Con qualche dubbio, perplessità e timore da parte dello scrivente, dopo sveglia all’alba causa super eccitazione degli altri tre partecipanti alla gita, ci presentiamo ai cancelli di partenza della maratona di Euro Disney, intera giornata dedicata al divertimento ludico cominciata con l’ennesimo salasso praticamente da svenimento ( il solo parcheggio della macchina equivale ad una visita completa del Louvre alla facciaccia dell’arricchimento interiore e con ciò preferirei non aggiunger altro ) .
Non facciamo neanche in tempo a riprenderci dalla batosta che, causa errata scelta della prima attrazione, ci ritroviamo tra asteroidi, satelliti e meteore varie a sperimentare forza centripeta e centrifuga di una montagna russa celata abilmente nel buio più profondo con conseguente “vomitane” del vecchio Caprotti che, a dispetto dei fanciulli esaltati alla follia, torna con la mente e soprattutto con i fatti alla straordinaria avventura del Grand Canyon ed alla medesima conclusione del mitologico Teo: per 168 euro, attualizzati alla realtà contemporanea francese, avrei preferito sbruffare in albergo.

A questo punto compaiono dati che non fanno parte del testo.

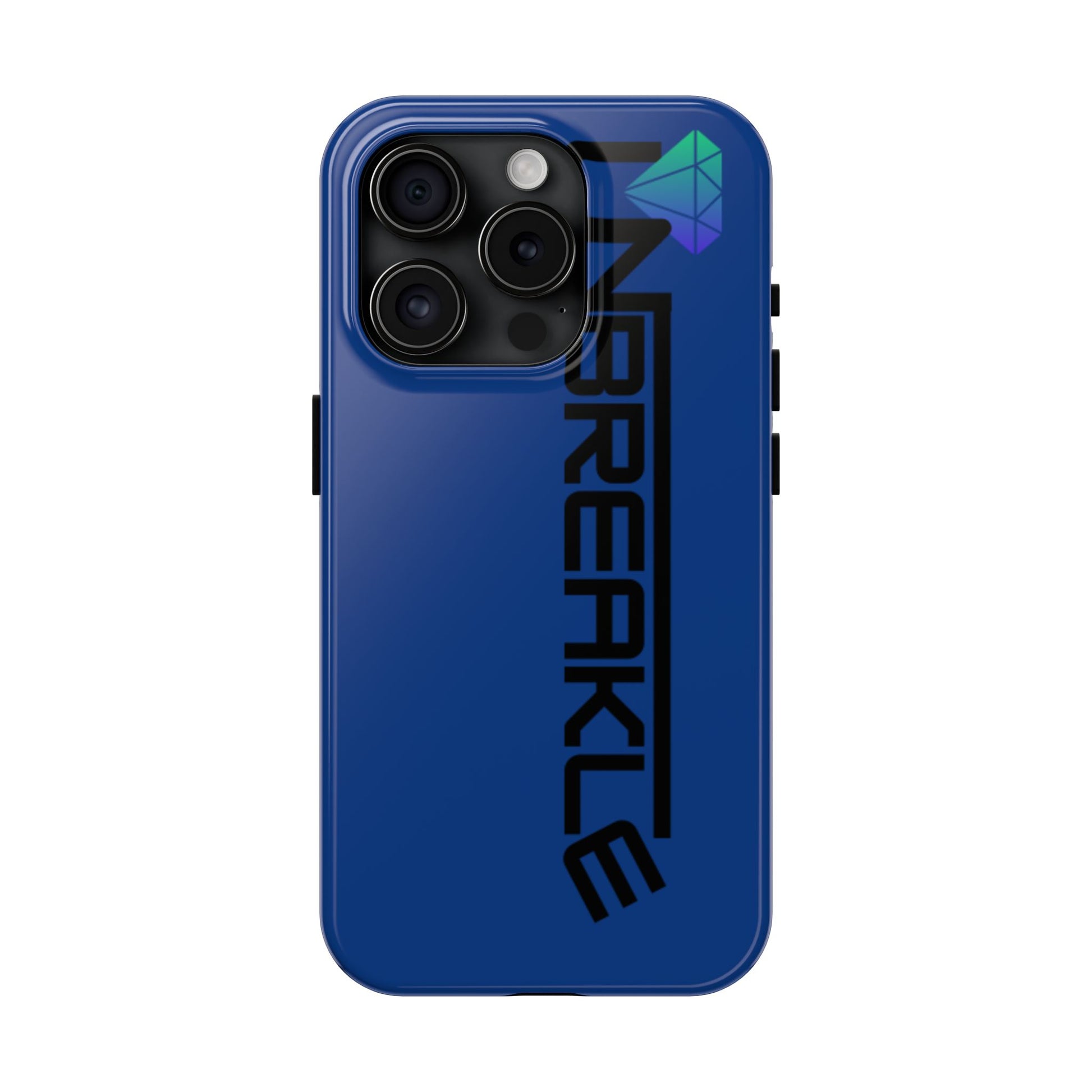 Unbreakable Tough Phone Cases - Durable Protection for Adventurers, Perfect for Gifts, Birthdays, Holidays, and Everyday Use
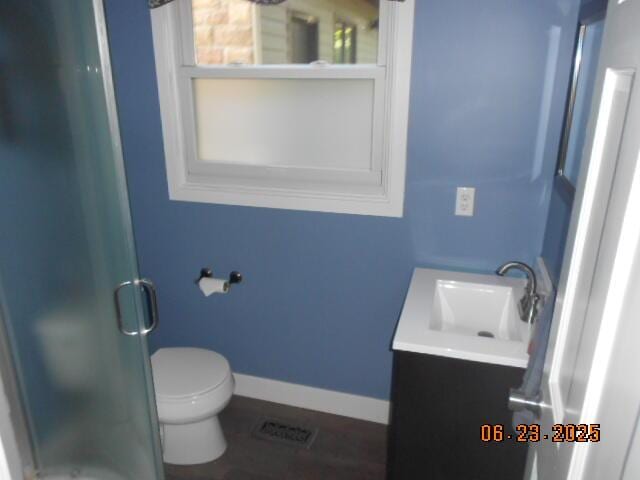 1090 Cadet Ln, Kalamazoo, MI 49009 - photo 35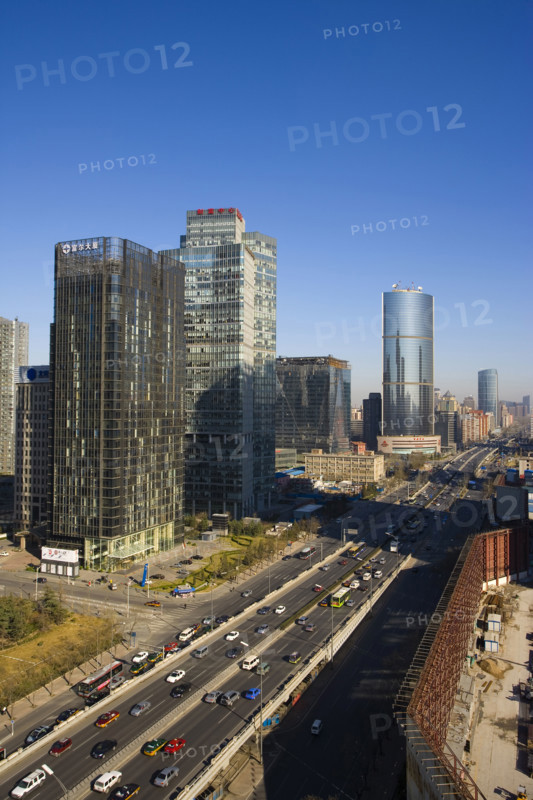 Beijing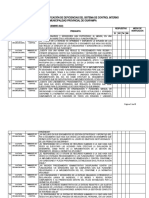 Cuest. Deficiencias Del Sci-Mpo-2023 FSC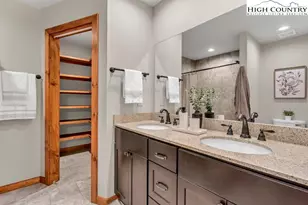 359 Sorrento Falls Rd, Blowing Rock, NC 28605 - Photo 23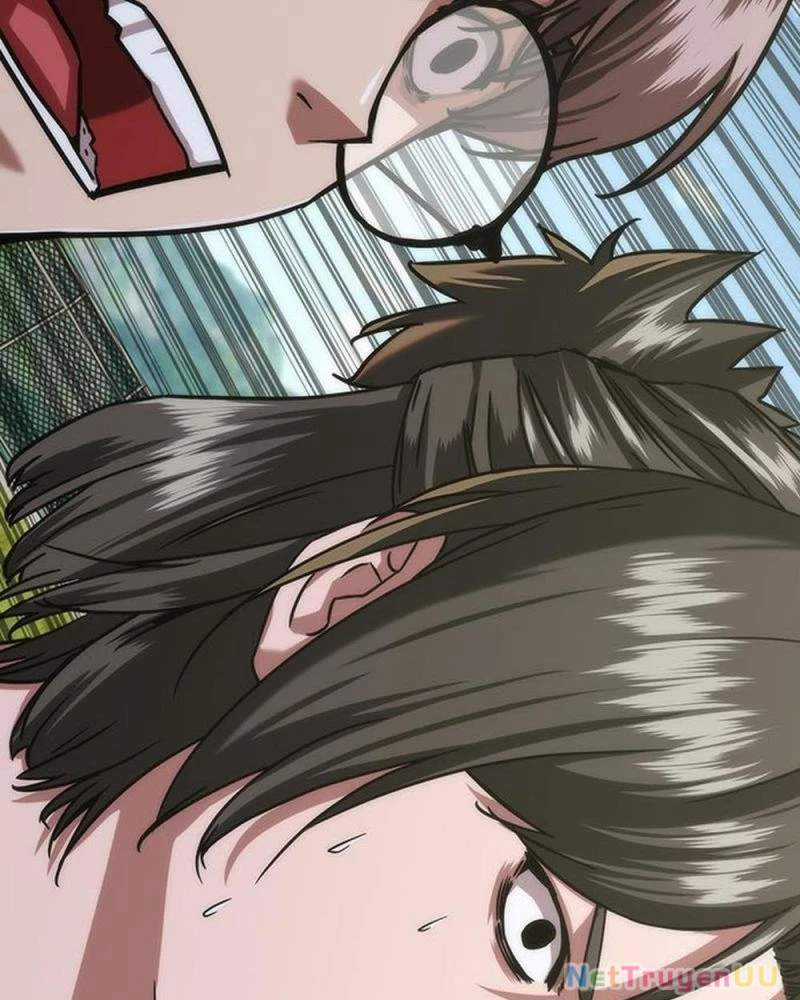 Mạt Thế Zombie 82-08 Chapter 12 trang 7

Non posso vivere in questa maniera la nostra esperienza nel più famoso resort di intrattenimento europeo ed allora ingrano la quarta, mi ricompongo dandomi un certo contegno nonostante i continui lamenti addominali e morsi intestinali e mi getto a capofitto verso ogni tipo di gioco, di avventura, di emozione.
Bisogna ammettere che hanno fatto tutto alla stragrande, probabilmente più per merito dei proprietari a stelle e strisce del marchio, ma l’ambaradan è sicuramente straordinario, abbandono ogni tipo di remora e tra castelli incantati, vascelli dei pirati, guerre al laser, treni del far West, battelli a vapore sul laghetto, ricostruzioni di paesaggi planetari arriviamo a concludere le nostre quattordici ore e mezzo a Marne la Vallèè dopo aver ammirato 42 delle 47 tappe consigliate, con gran finale a metà strada tra l’emozione e la commozione, con i fuochi d’artificio ad illuminare un cielo stellato, a suggello di una delle giornate più indimenticabili della nostra esistenza fin qui vissuta.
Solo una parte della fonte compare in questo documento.